(Instructions for the task) Copying rule for the data below: pictures stay out, and only the lines from the one with "Joan Turu, il·lustrador de Dir el Monstre." down to the one with "Einrüstung & Präsentation", inclusive, are repeated exactly.

────────

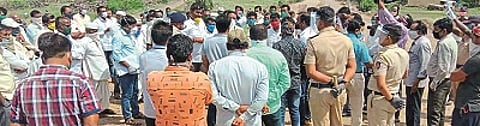 Highway work done despite petition in court; The agitation of the farmers at Shegao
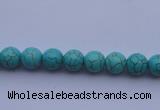 CTU01 15.5 inches 4mm round blue turquoise strand beads Wholesale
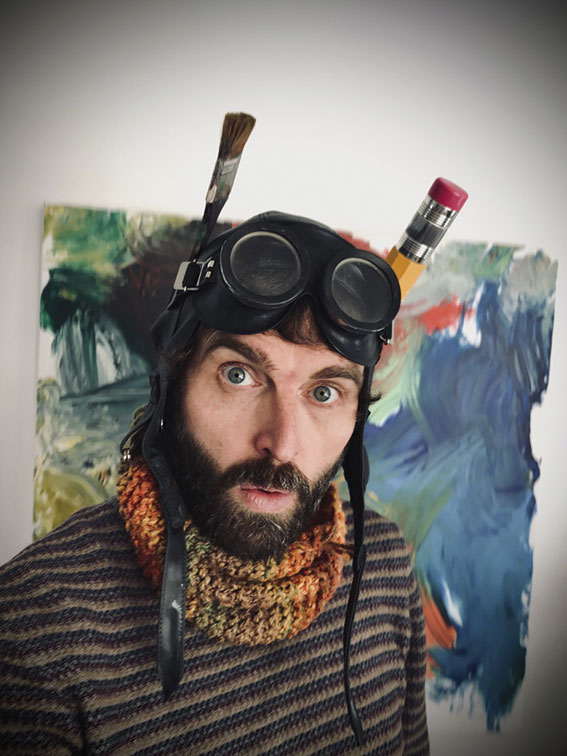 Joan Turu, il·lustrador de Dir el Monstre.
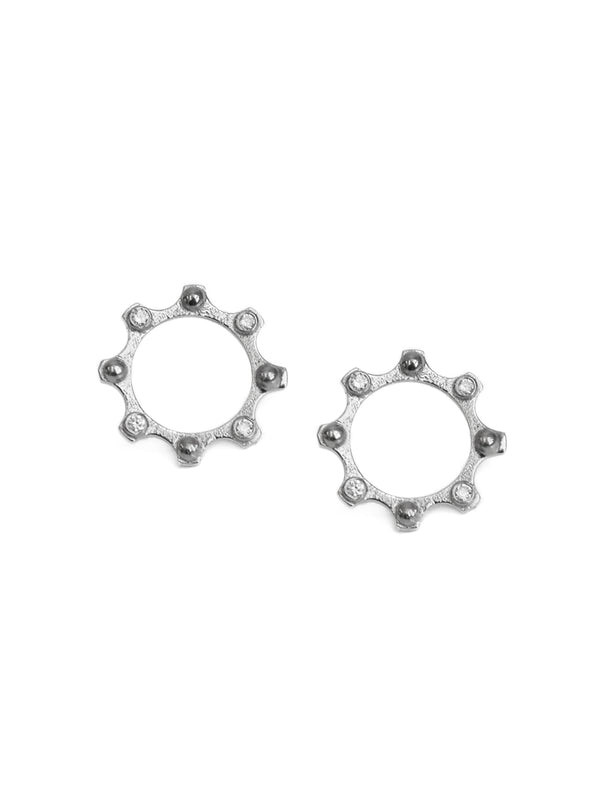 Jac+Jo Cog Open Circle Studs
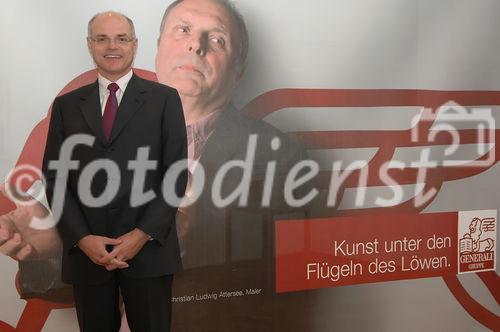 Einrüstung & Präsentation des Wirtschaftspartners Generali. Bild: Dr. Karl Stoss. Foto: Daniel K. Gebhart, am 19.01.06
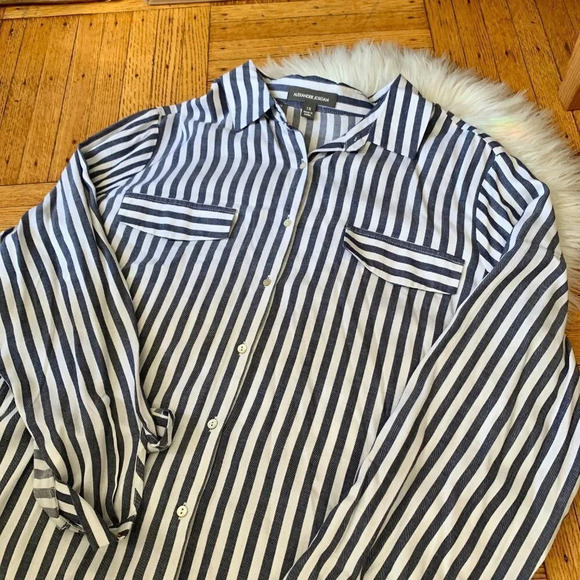 Alexander Jordan Long Sleeve Button-Down Shirt 1X - Picture 3 of 5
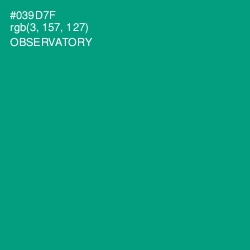 #039D7F - Observatory Color Image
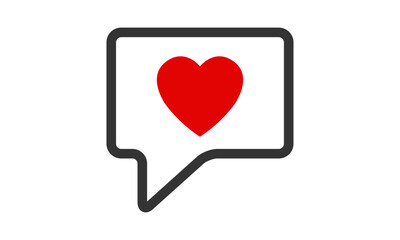 Heart dating logo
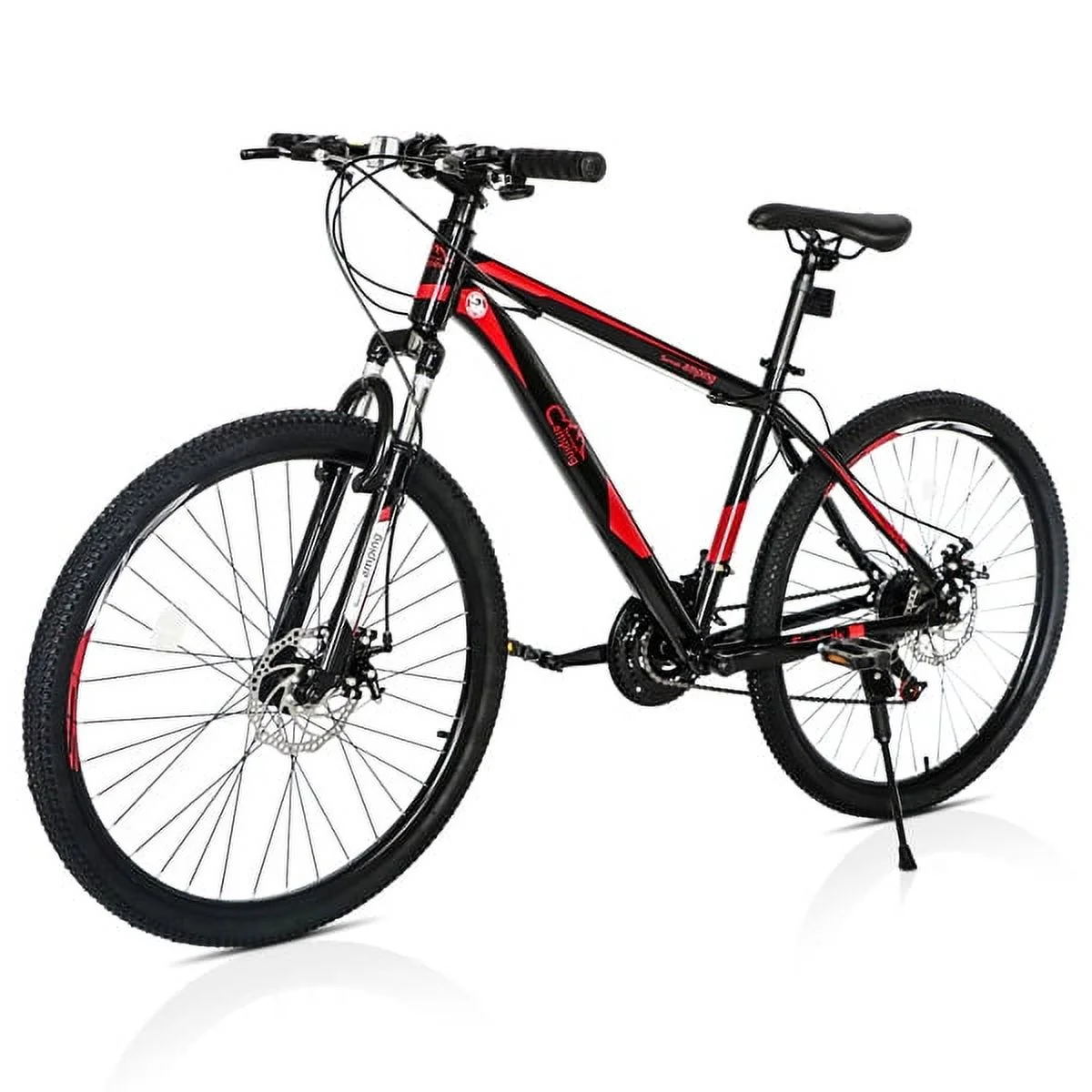 Bornmio 26 Inch 21 Speed ​​Explorer Red Black Mountain Bike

────────

(Answer box)
 Joan Turu, il·lustrador de Dir el Monstre.
 Jac+Jo Cog Open Circle Studs
 Einrüstung & Präsentation des Wirtschaftspartners Generali. Bild: Dr. Karl Stoss. Foto: Daniel K. Gebhart, am 19.01.06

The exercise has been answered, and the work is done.